Hi,
If I understand it correctly, the HE Hosts try to ping (or SSH, or
otherwise reach) the Engine host. If it reaches it, then it passes the
liveness check. If it cannot reach it, then it fails. So to me this error
means that there is some configuration, somewhere, that is trying to reach
the engine on the old address (which fails when the engine has the new
address).
I do not know where in the *host* configuration this data lives, so I
cannot suggest where you need to change it.
Can 10.16.248.x reach 10.8.236.x and vice-versa?

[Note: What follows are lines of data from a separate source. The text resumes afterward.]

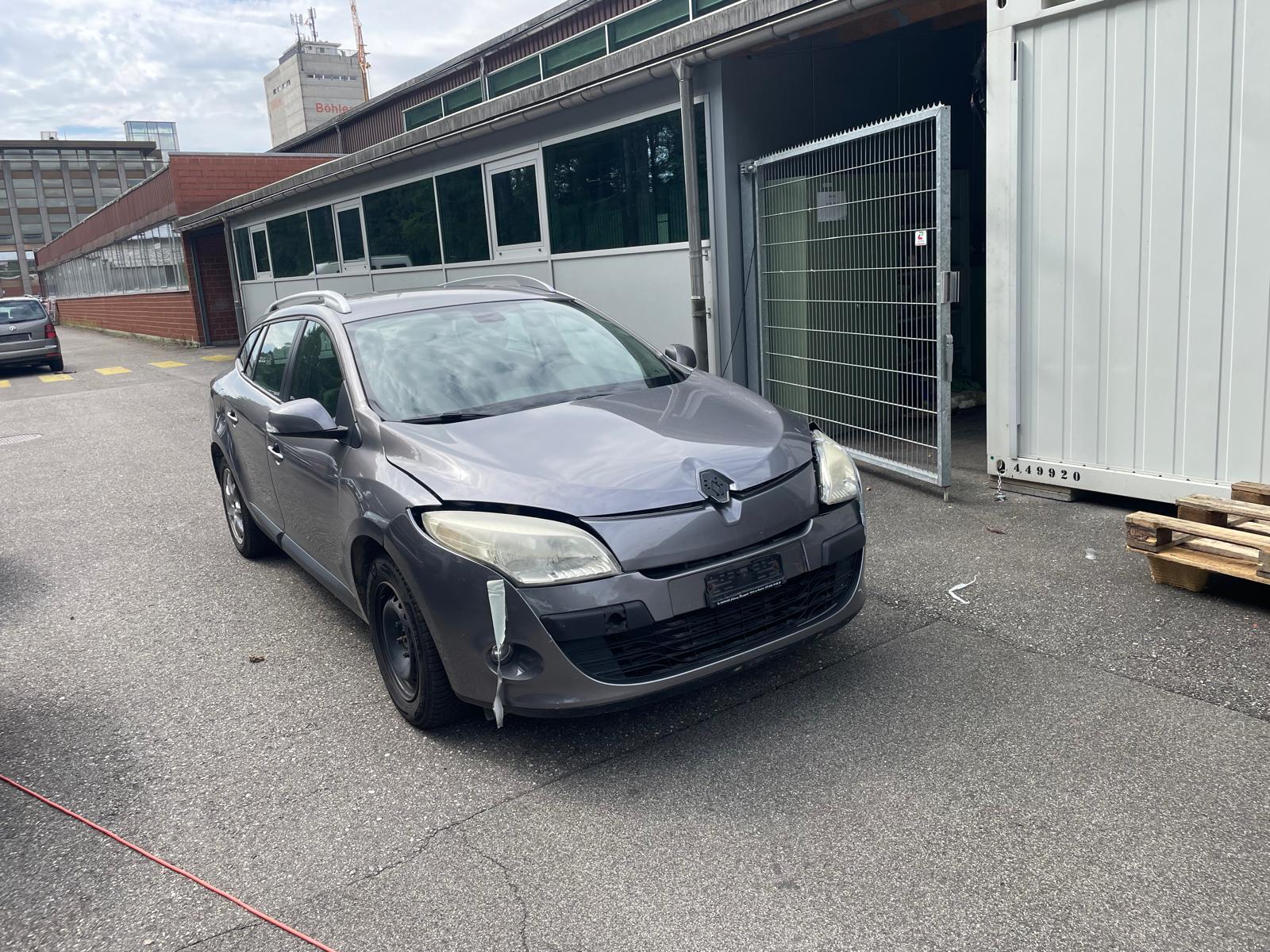 RENAULT Mégane Grandtour 1.4 16V Turbo Dynamique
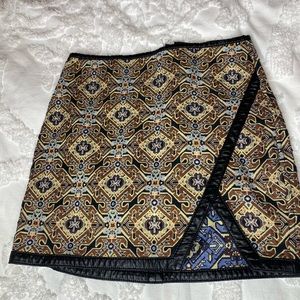 Express patterned skirt with tiny slit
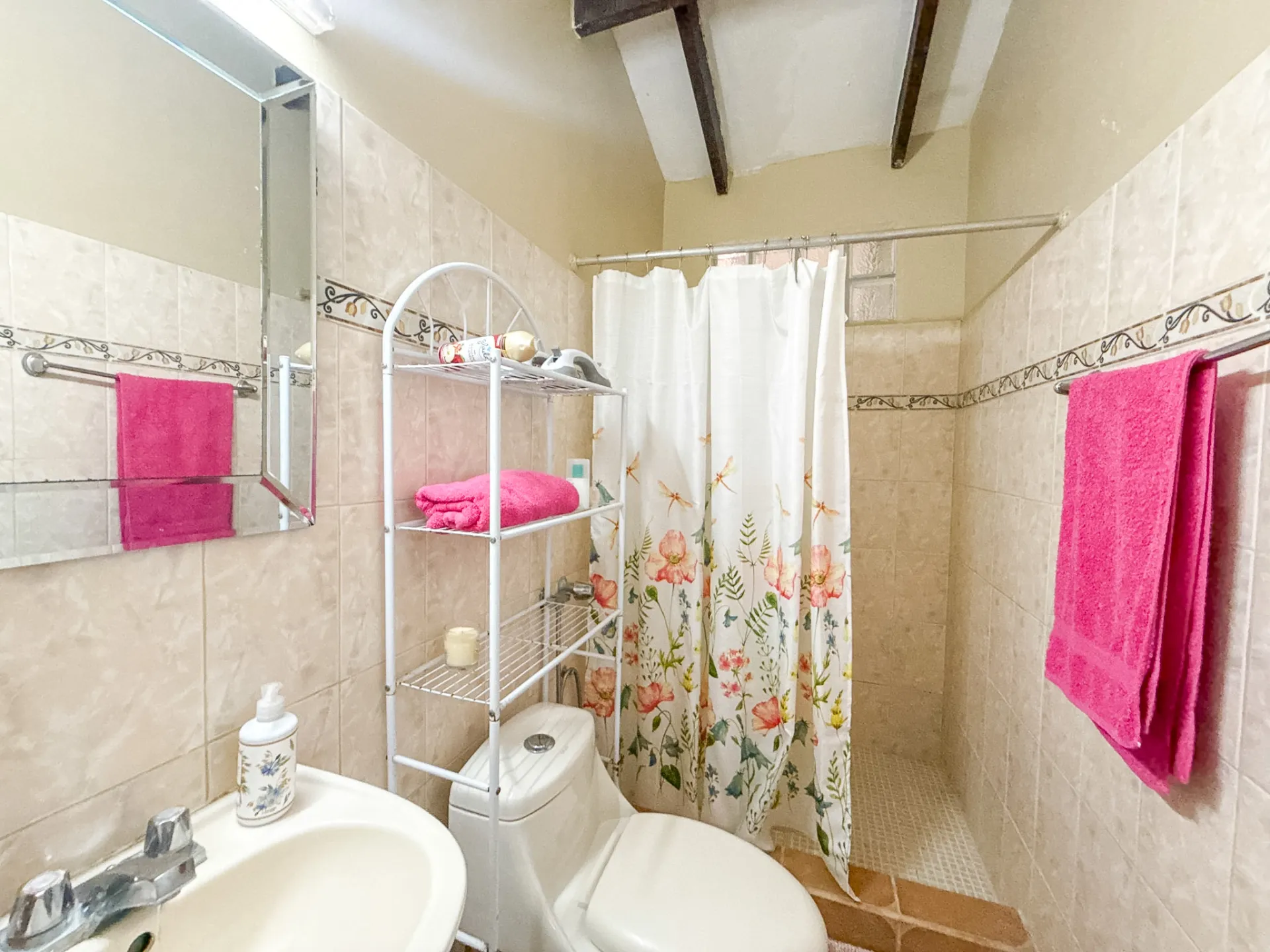 Exceptional Opportunity, 3-Bedroom Home with Pool in Coronado, Panama R-0103 - Image 15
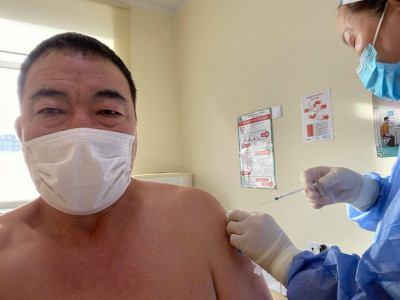 УИX-н гишүүн Б.Бат-Эрдэнэ вakцин хийлгэх урилга дэвшүүлэв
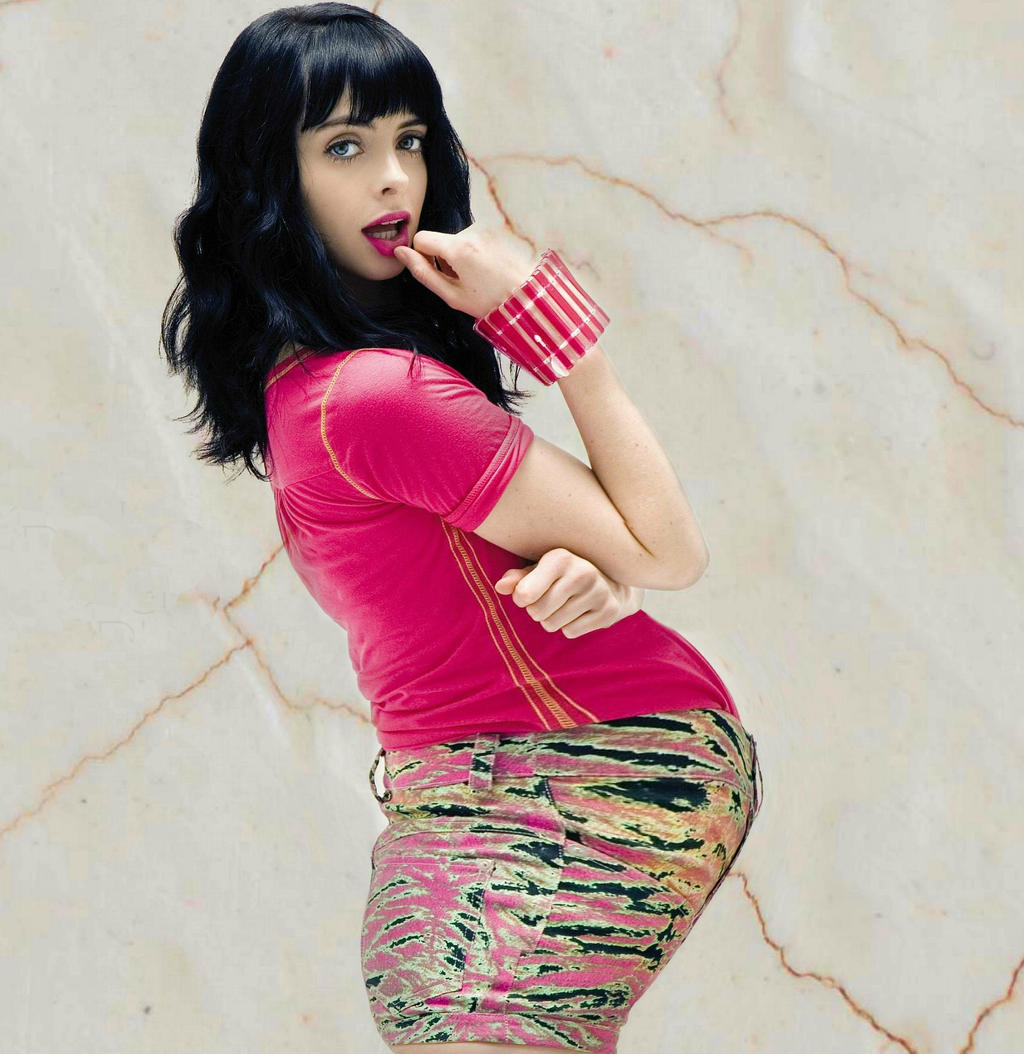 Krysten Ritter Belly 3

Maybe multi-home the engine on both networks for now until you figure it out?
-derek
On Tue, July 23, 2019 9:13 am, carl langlois wrote:
Hi,
We have managed to stabilize the DNS udpate in out network. Now the
current
situation is.
I have 3 hosts that can run the engine (hosted-engine).
They were all in the 10.8.236.x. Now i have moved one of them in the
10.16.248.x.
If i boot the engine on one of the host that is in the 10.8.236.x the
engine is going up with status "good". I can access the engine UI. I can
see all my hosts even the one in the 10.16.248.x network.
But if i boot the engine on the hosted-engine host that was switch to the
10.16.248.x the engine is booting. I can ssh to it but the status is
always
" fail for liveliness check".
The main difference is that when i boot on the host that is in the
10.16.248.x network the engine gets a address in the 248.x network.
On the engine i have this in the
/var/log/ovirt-engine-dwh/ovirt-engine-dwhd.log
019-07-23
09:05:30|MFzehi|YYTDiS|jTq2w8|OVIRT_ENGINE_DWH|SampleTimeKeepingJob|Default|5|tWarn|tWarn_1|Can
not sample data, oVirt Engine is not updating the statistics. Please check
your oVirt Engine status.|9704
the engine.log seems okey.
So i need to understand what this " liveliness check" do(or try to do) so
i
can investigate why the engine status is not becoming good.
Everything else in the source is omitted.